■ EXERCISE INPUTS:
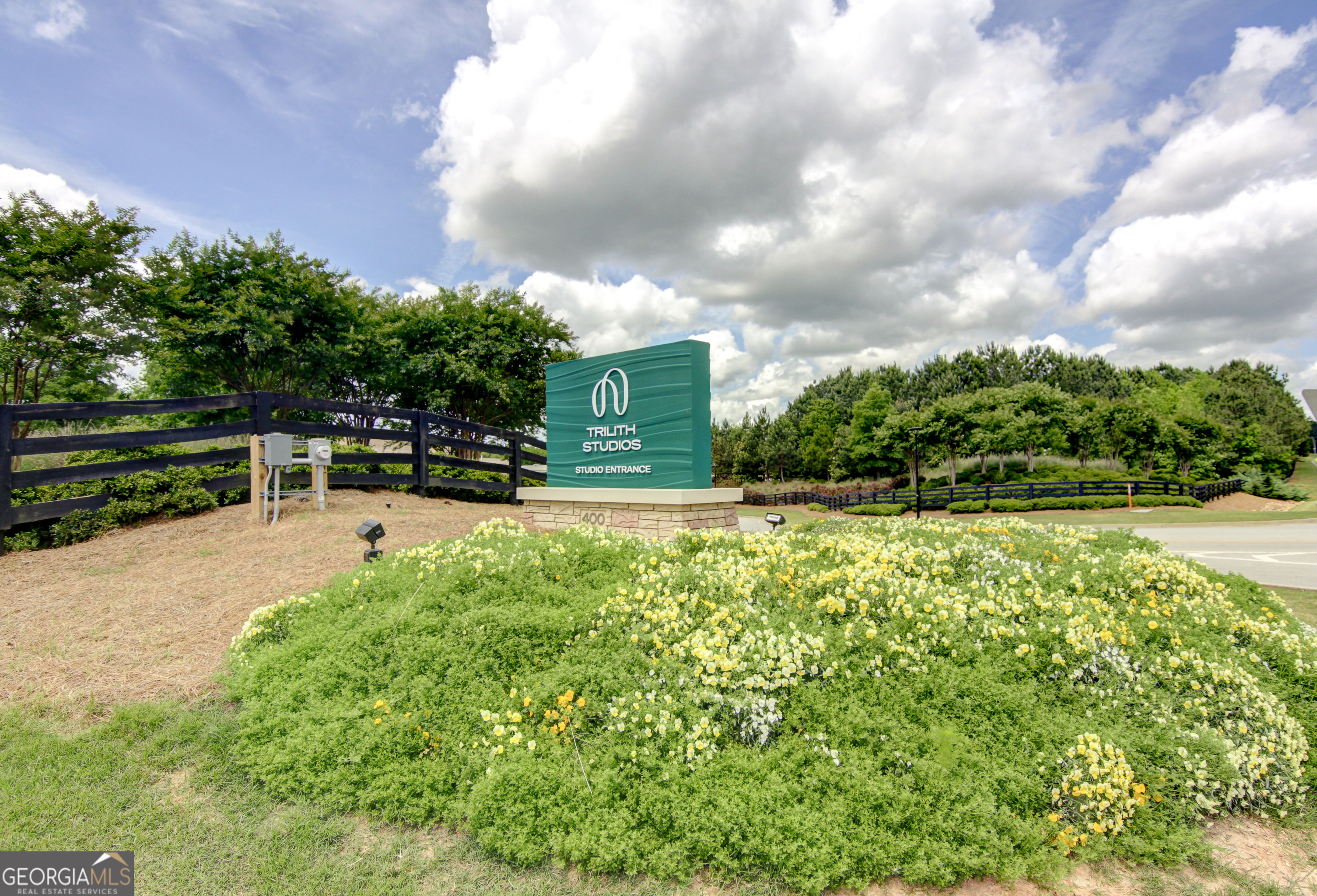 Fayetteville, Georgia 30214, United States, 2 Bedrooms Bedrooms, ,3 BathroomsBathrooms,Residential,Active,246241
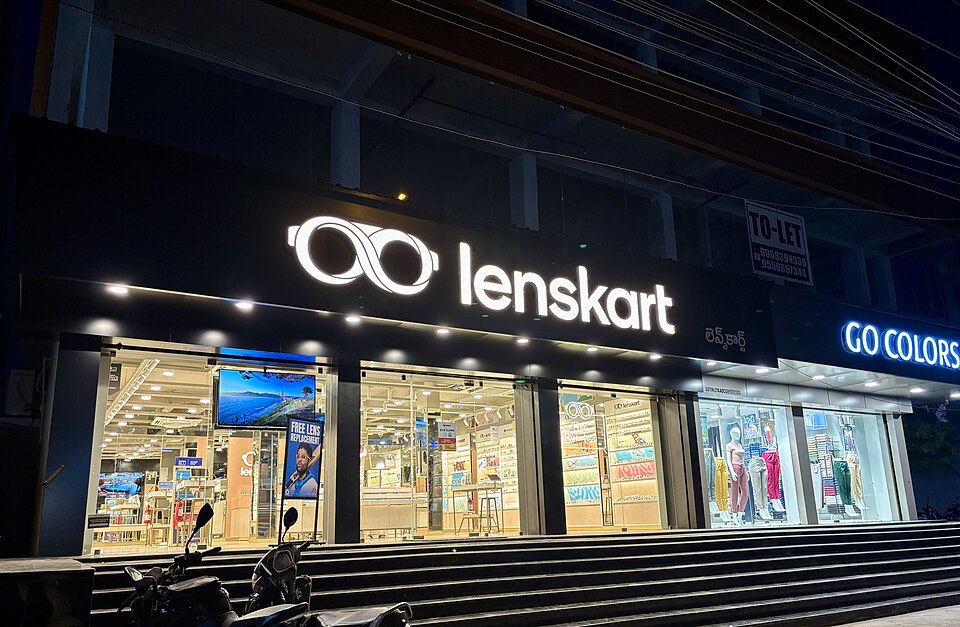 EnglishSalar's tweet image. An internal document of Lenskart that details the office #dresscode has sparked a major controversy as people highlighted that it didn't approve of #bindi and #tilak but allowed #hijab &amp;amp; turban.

...

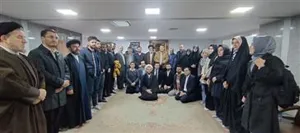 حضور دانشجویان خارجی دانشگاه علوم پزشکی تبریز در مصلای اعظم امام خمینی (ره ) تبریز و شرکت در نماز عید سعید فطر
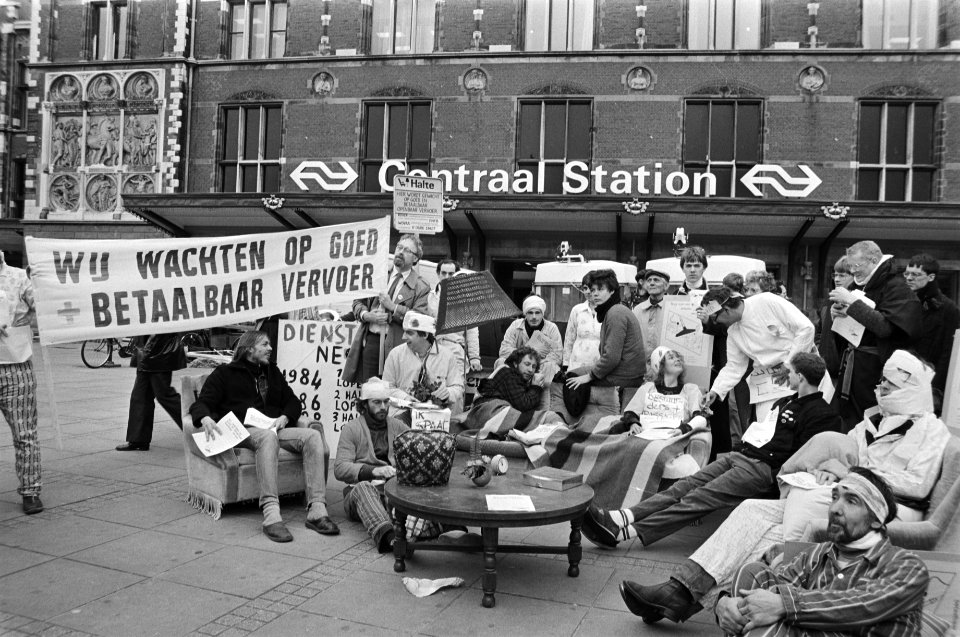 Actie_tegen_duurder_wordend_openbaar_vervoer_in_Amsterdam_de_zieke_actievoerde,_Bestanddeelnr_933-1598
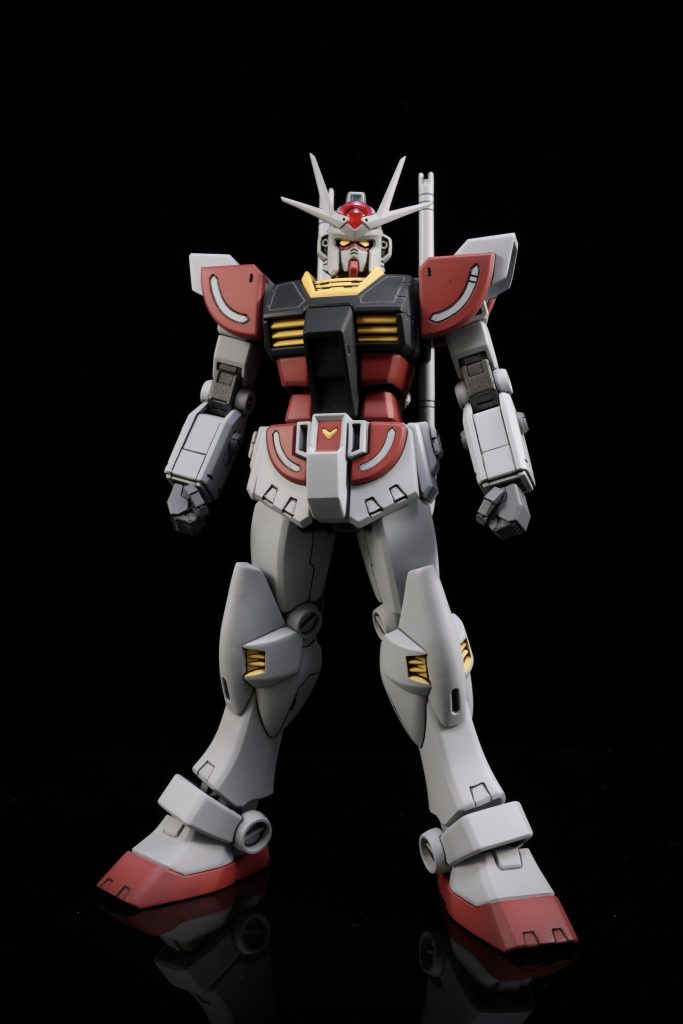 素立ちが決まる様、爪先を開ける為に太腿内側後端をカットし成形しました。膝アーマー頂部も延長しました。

■ ACTIVITY: Each line above that falls between the line with "Fayetteville, Georgia 30214, United" and the line with "EnglishSalar's tweet image." should be printed exactly, together with those two lines, but the pictures should not.

■ ANSWER TO THE PROBLEM:
 Fayetteville, Georgia 30214, United States, 2 Bedrooms Bedrooms, ,3 BathroomsBathrooms,Residential,Active,246241
 EnglishSalar's tweet image. An internal document of Lenskart that details the office #dresscode has sparked a major controversy as people highlighted that it didn't approve of #bindi and #tilak but allowed #hijab &amp;amp; turban.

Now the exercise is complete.